A nova metodologia utilizada pelo INCA visou aprimorar a coleta de dados e pode permitir uma melhor avaliação da situação do câncer no Brasil de acordo com o tipo, idade, sexo e unidade da federação. O relatório do Inca calcula a tendência do número de casos novos da doença para o triênio entre 2020 e 2022. O relatório demonstra que os cinco cânceres mais frequentes na população masculina devem ser:
Próstata: 65.840 novos casos
Cólon (intestino grosso): 20.520 novos casos
Pulmão: 17.760 novos casos
Estômago: 13.360 novos casos
Boca: 11.180 novos casos
Mas ao comparar esses números com os de mortalidade, verificam-se que nem sempre os mais frequentes são os responsáveis pelo maior número de óbitos. Os cânceres que mais matam os homens, em ordem decrescente, são:
Pulmão: 16.137 óbitos
Próstata: 15.391 óbitos
Cólon: 9.207 óbitos
Estômago: 9.206 óbitos
Esôfago: 6.647 óbitos
As razões para essa diferença decorrem da agressividade do tumor e da existência ou não de estratégias eficientes de prevenção, diagnóstico e tratamento. No caso do câncer de próstata, segundo o relatório, uma parte dos novos casos decorre de cânceres que foram superdiagnosticados por exames preventivos, mas cujo resultado não traz nenhum benefício para a redução da mortalidade. Seriam exames preventivos solicitados de forma inadequada, ou seja, sem a evidência científica de benefício que o justifique. Por outro lado, há estratégia eficientes de prevenção para os demais cânceres que mais matam os homens (pulmão, cólon, estômago e esôfago).
O principal fator de risco para o câncer de pulmão é cigarro e para o estômago e esôfago, além do cigarro, o álcool. Portanto, ações que reduzam o consumo de tabaco e álcool na população poderiam ter impacto no surgimento destes novos casos. O Brasil tem conseguido implementar uma política eficiente para redução do tabagismo. Entretanto, a queda do número de fumantes não tem sido igual em toda população. As camadas mais pobres têm uma proporção de fumantes maior que as camadas mais ricas. Portanto, assim como outras doenças, o tabagismo tem se tornado um fator de risco mais presente justamente nas camadas já desfavorecidas da sociedade.
Em relação ao câncer de cólon uma estratégia adequada para reduzir a mortalidade é a detecção precoce por meio de um exame de fezes chamado sangue oculto nas fezes. Esse exame é de fácil realização e pode ser feito a partir dos 50 anos na própria Unidade Básica de Saúde. Entretanto, se esse exame estiver alterado, é necessária a realização de uma colonoscopia para confirmar o diagnóstico. E esse têm sido o principal problema para atuarmos de forma adequada na prevenção do câncer de cólon. A colonoscopia está pouco disponibilizada no serviço público de saúde, ou seja, de nada adianta oferecer a realização de um exame preventivo se você não pode oferecer uma conclusão diagnóstica e alternativas de tratamento. Novamente, os mais prejudicados são aquelas pessoas que dependem exclusivamente da oferta desse exame na rede pública.
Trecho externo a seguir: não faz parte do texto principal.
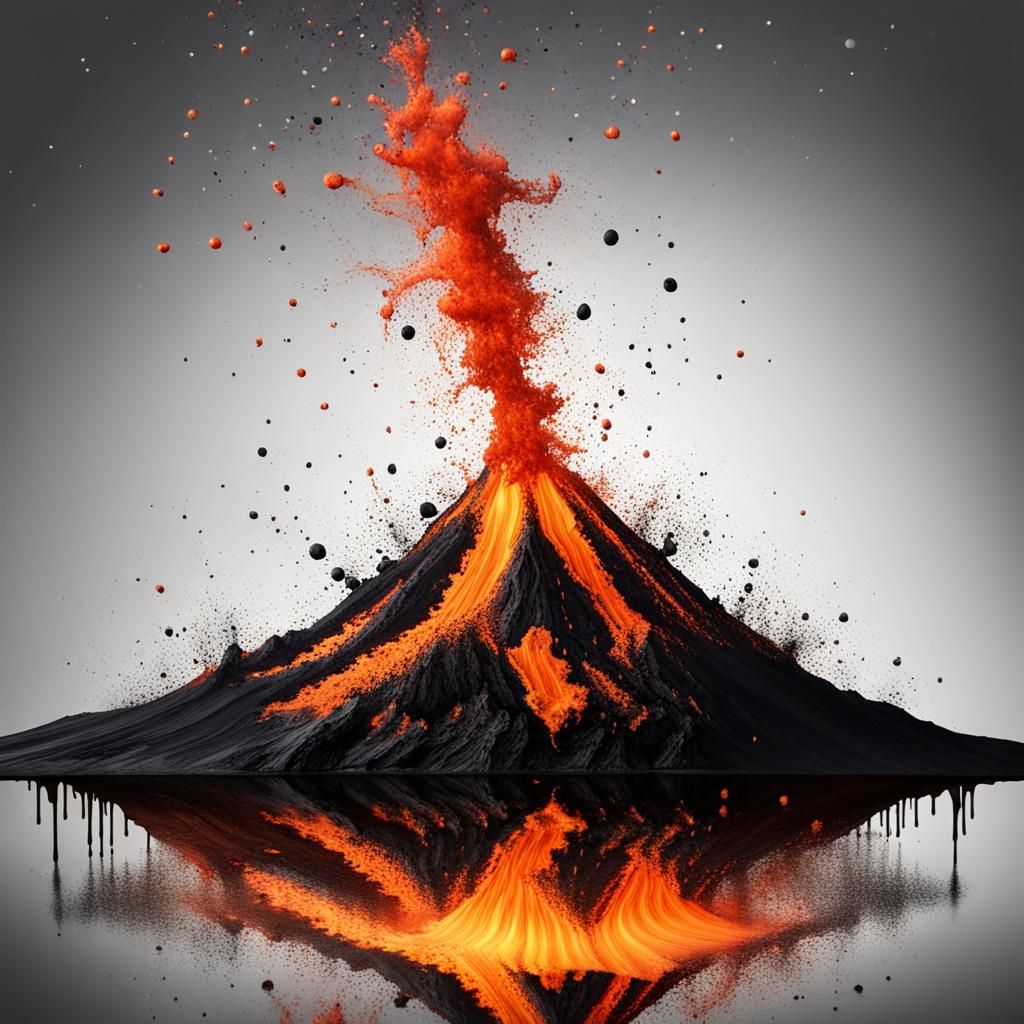 Dynamic Ink Splatter Volcano at Night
Portanto, os recursos gastos atualmente pelo governo com campanhas de prevenção de câncer de próstata, cuja evidência é bastante questionada na literatura científica, seriam mais bem investidos se fossem destinados a programas para prevenção do tabagismo e oferta de exames para diagnóstico e tratamento do câncer de cólon, cujas evidências de impacto já estão bem estabelecidas pela ciência. Essa seria uma estratégia eficiente para reduzir as taxas de mortalidade por câncer entre os homens e para reduzir a desigualdade entre ricos e pobres.